### EXCERPTED DATA

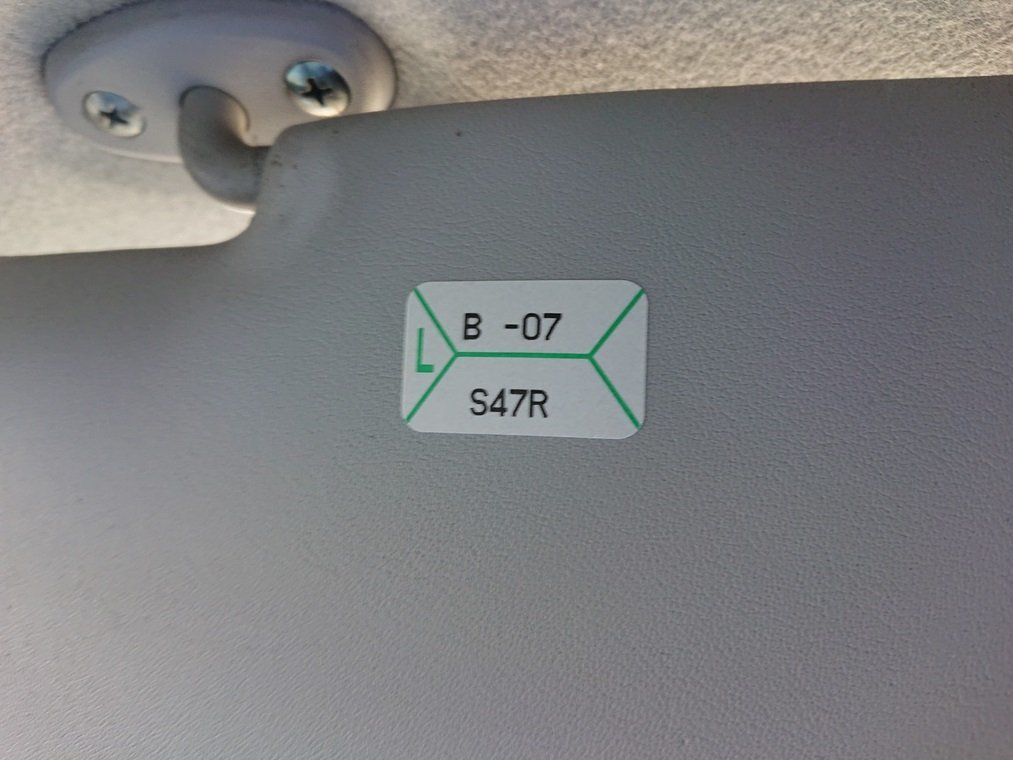 [psi] Nissan SK22VN Vanette left sun visor H11 year 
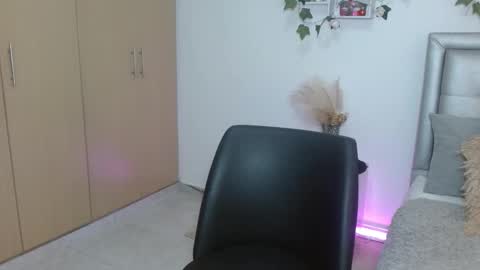 miaa_star_1x online show from 04.20.26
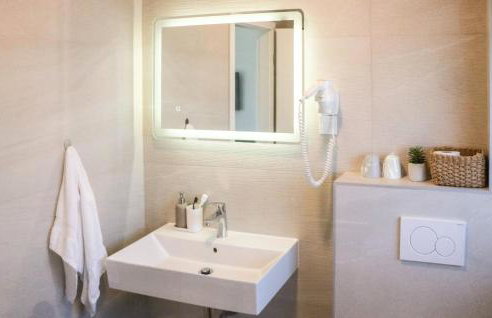 Amazing Home In Kerestinec With Wifi - Foto 19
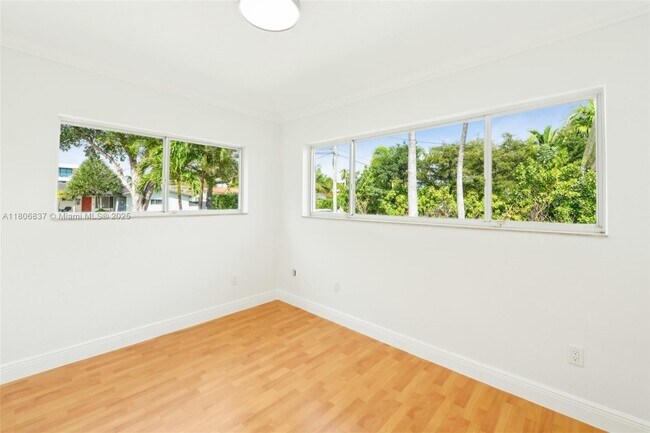 Building Photo - 13145 Coronado Terrace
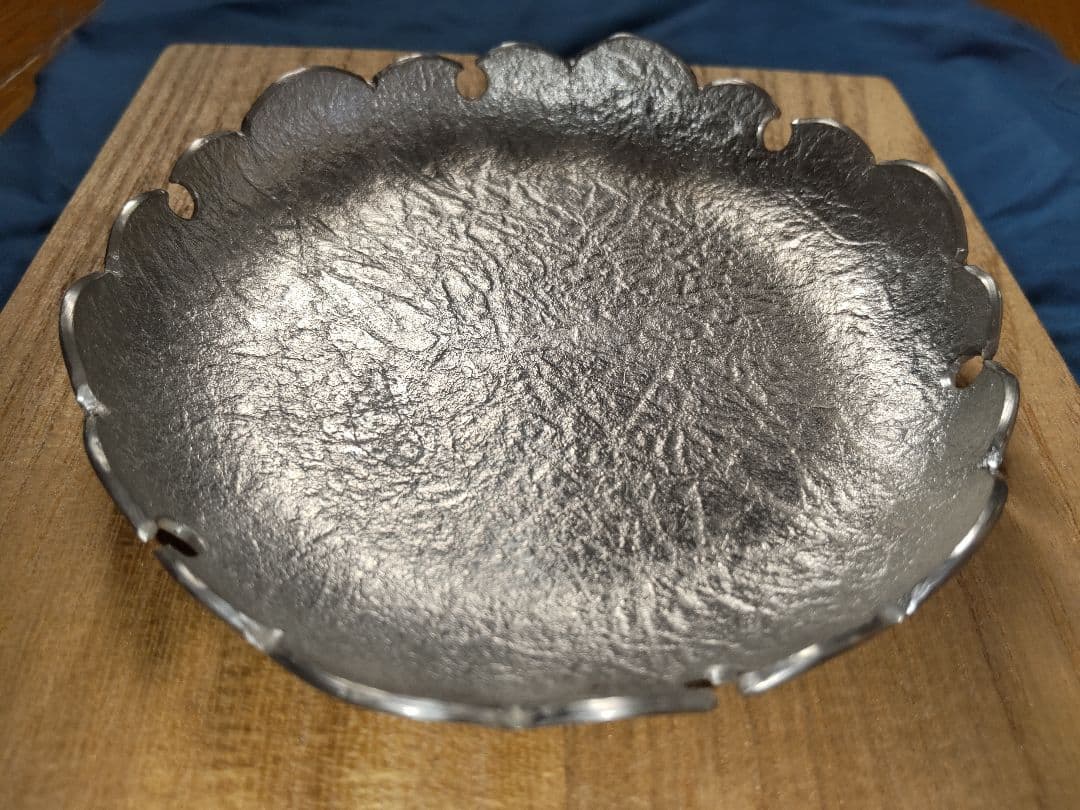 清課堂　鋳銅【竹に雀】香立＆錫【石目雪輪】皿　共箱付属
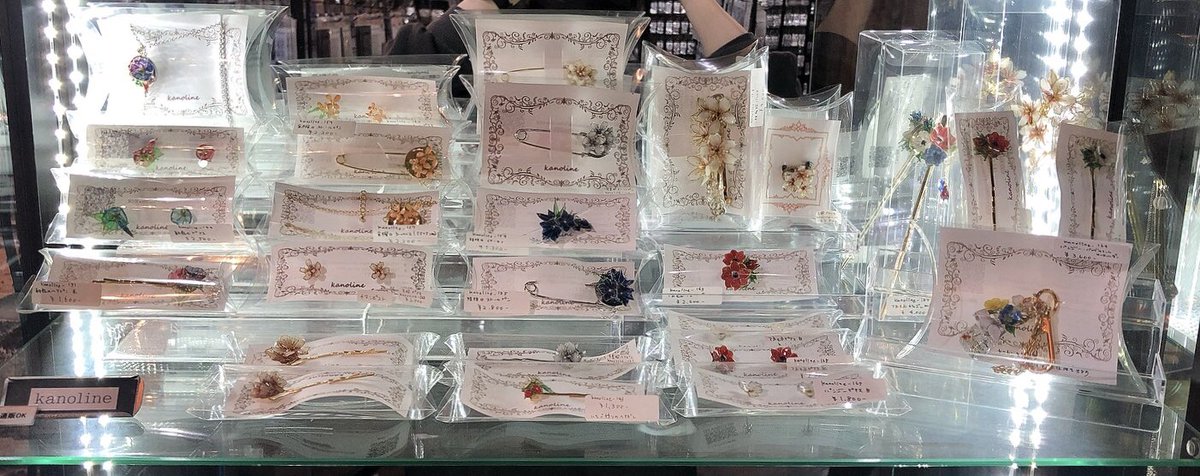 CA_TOKYO's tweet photo. 【作家様の作品在庫状況】

✨kanoline様
ワイヤー製の繊細でリアルなお花のアクセサリーです！
冬のお花・冬墨桜や冬桜などのアイテムをつけてお出かけするといいかも💕

✨Caine様
様々な形の鉱石モールドがたくさん！
好きな色のラメやパウダーなどを使ってオリジナルの鉱石を作ってみては？😊 https://t.co/9fxBSTDriV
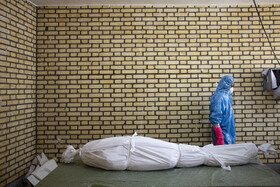 انتقال پیکر یکی از قربانیان کرونا در دزفول به آرامستان باغ رحمت  دزفول برای انجام غسل.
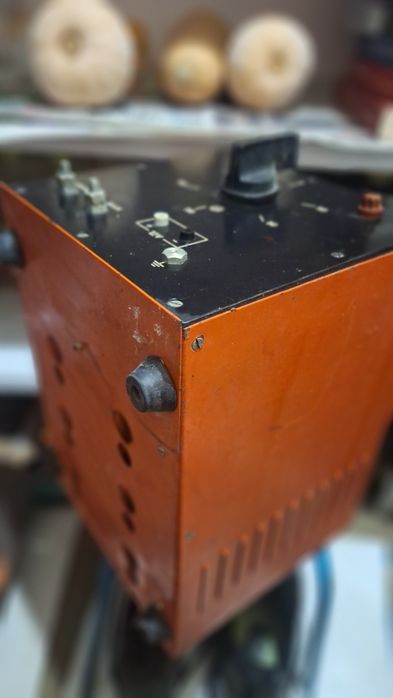 Елвктрожен Български 250 лв.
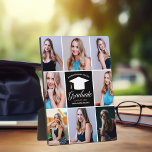 2025 Abschluss Hochrangiges Portraitfoto Collage C Fotoplatte<br><div class="desc">Eine klassische, kundenspezifische Collage-Plakette für Senioren-Fotos mit schicken Schwarz- und Goldtexten für eine High School, Uni oder Universität aus der Klasse von 2025. Passen Sie mit Ihren Senior Porträtbildern, Schulnamen und schließ-Klasse unter der eleganten Kalligraphie für ein großartiges personalisiertes Abschluss-Geschenk an. Es verfügt über eine 8 Fotoschablone, die durch weiße...</div>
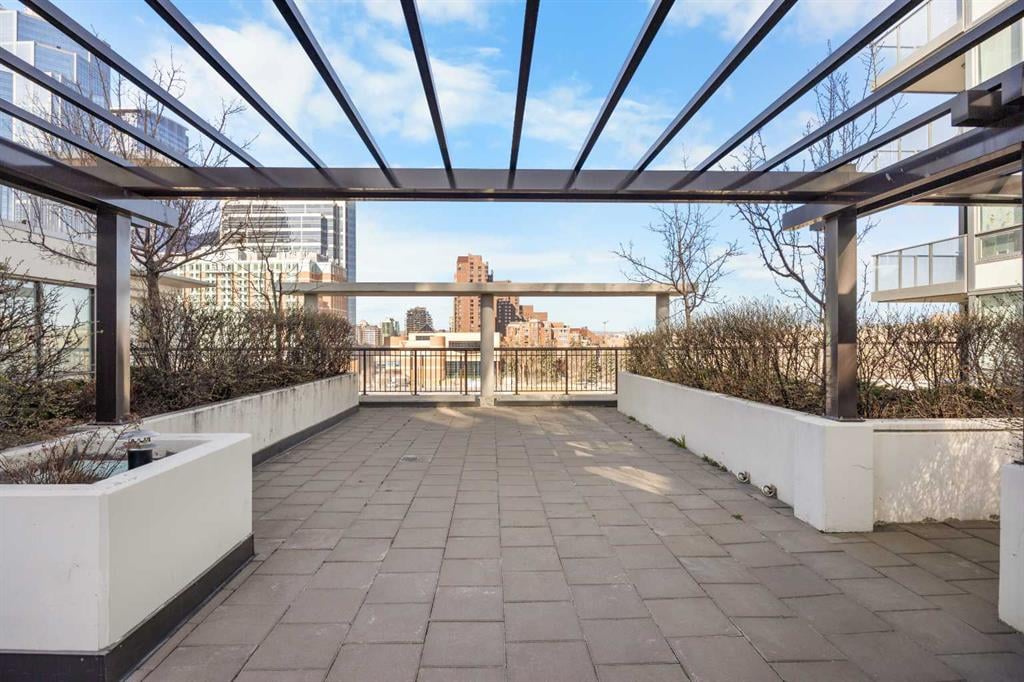 222 Riverfront - Thumbnail 6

######

Where a record holds a picture, leave the picture out and restate the rest word for word.

# [RESPONSE AREA]
 [psi] Nissan SK22VN Vanette left sun visor H11 year 
 miaa_star_1x online show from 04.20.26
 Amazing Home In Kerestinec With Wifi - Foto 19
 Building Photo - 13145 Coronado Terrace
 清課堂　鋳銅【竹に雀】香立＆錫【石目雪輪】皿　共箱付属
 CA_TOKYO's tweet photo. 【作家様の作品在庫状況】

✨kanoline様
ワイヤー製の繊細でリアルなお花のアクセサリーです！
冬のお花・冬墨桜や冬桜などのアイテムをつけてお出かけするといいかも💕

✨Caine様
様々な形の鉱石モールドがたくさん！
好きな色のラメやパウダーなどを使ってオリジナルの鉱石を作ってみては？😊 https://t.co/9fxBSTDriV
 انتقال پیکر یکی از قربانیان کرونا در دزفول به آرامستان باغ رحمت  دزفول برای انجام غسل.
 Елвктрожен Български 250 лв.
 2025 Abschluss Hochrangiges Portraitfoto Collage C Fotoplatte<br><div class="desc">Eine klassische, kundenspezifische Collage-Plakette für Senioren-Fotos mit schicken Schwarz- und Goldtexten für eine High School, Uni oder Universität aus der Klasse von 2025. Passen Sie mit Ihren Senior Porträtbildern, Schulnamen und schließ-Klasse unter der eleganten Kalligraphie für ein großartiges personalisiertes Abschluss-Geschenk an. Es verfügt über eine 8 Fotoschablone, die durch weiße...</div>
 222 Riverfront - Thumbnail 6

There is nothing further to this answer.